INFORMATION SHOWN –
--

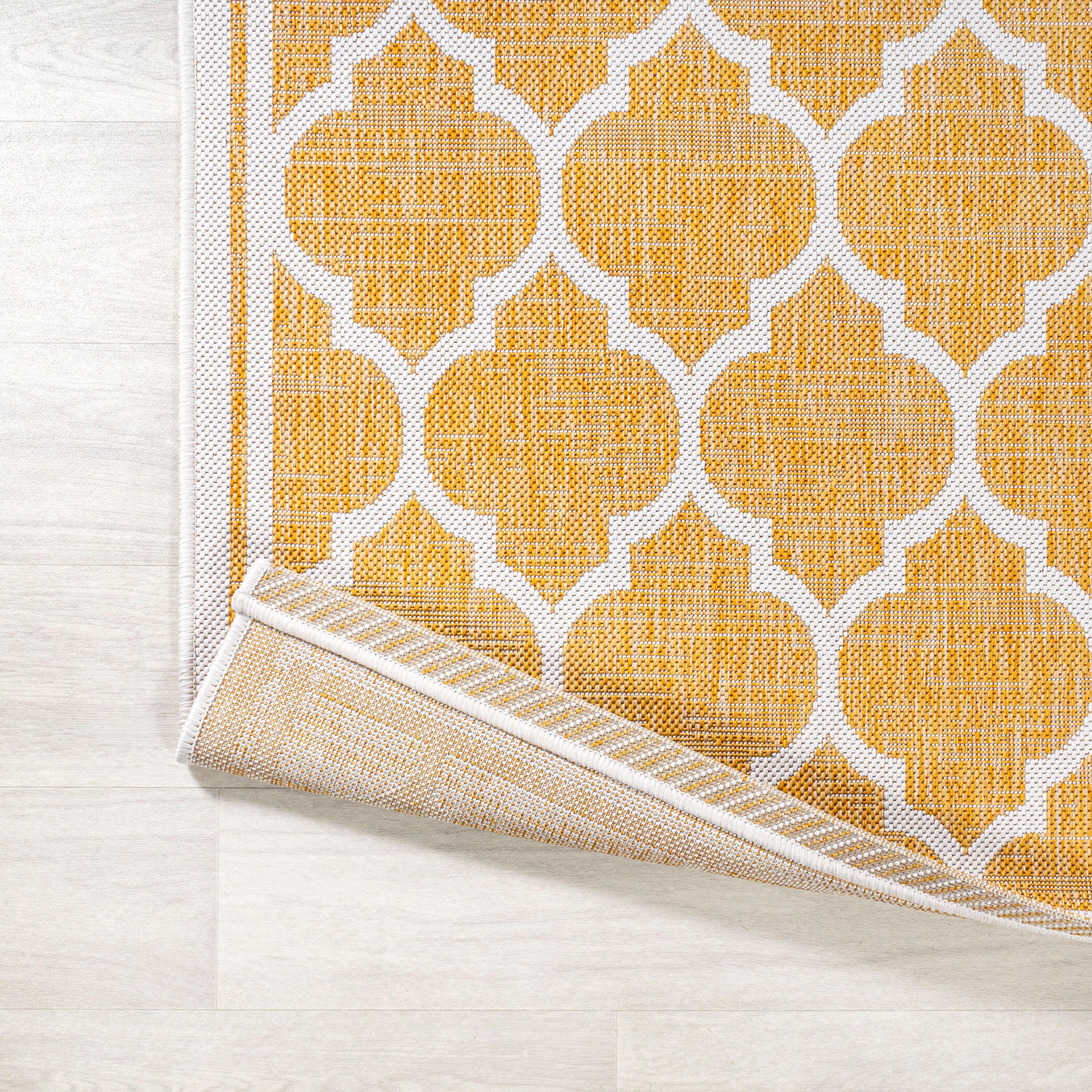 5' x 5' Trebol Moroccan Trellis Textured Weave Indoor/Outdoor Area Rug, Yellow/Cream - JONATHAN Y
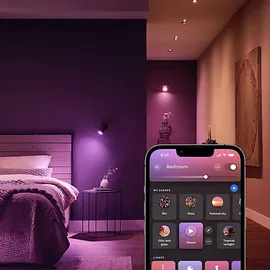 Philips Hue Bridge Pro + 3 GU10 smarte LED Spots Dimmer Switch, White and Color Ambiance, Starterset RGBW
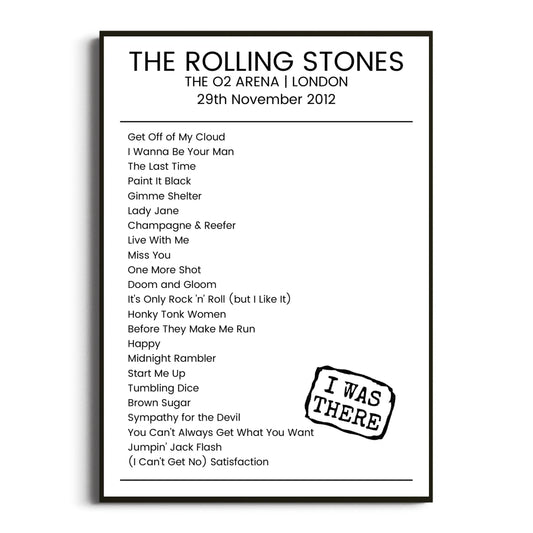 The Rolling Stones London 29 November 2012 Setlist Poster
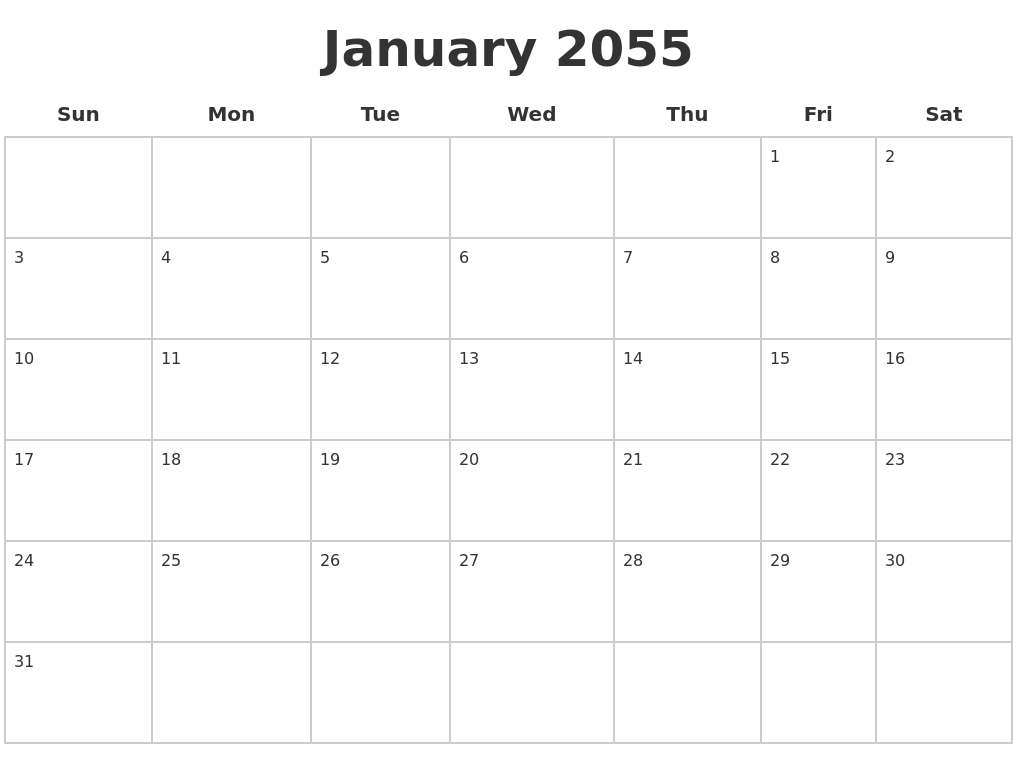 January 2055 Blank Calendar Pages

--

WHAT TO PRODUCE – Starting with the line that contains "The Rolling Stones", print every line through the end of the data exactly as written; omit all pictures and add nothing else.

REPLY TO THE EXERCISE –
 The Rolling Stones London 29 November 2012 Setlist Poster
 January 2055 Blank Calendar Pages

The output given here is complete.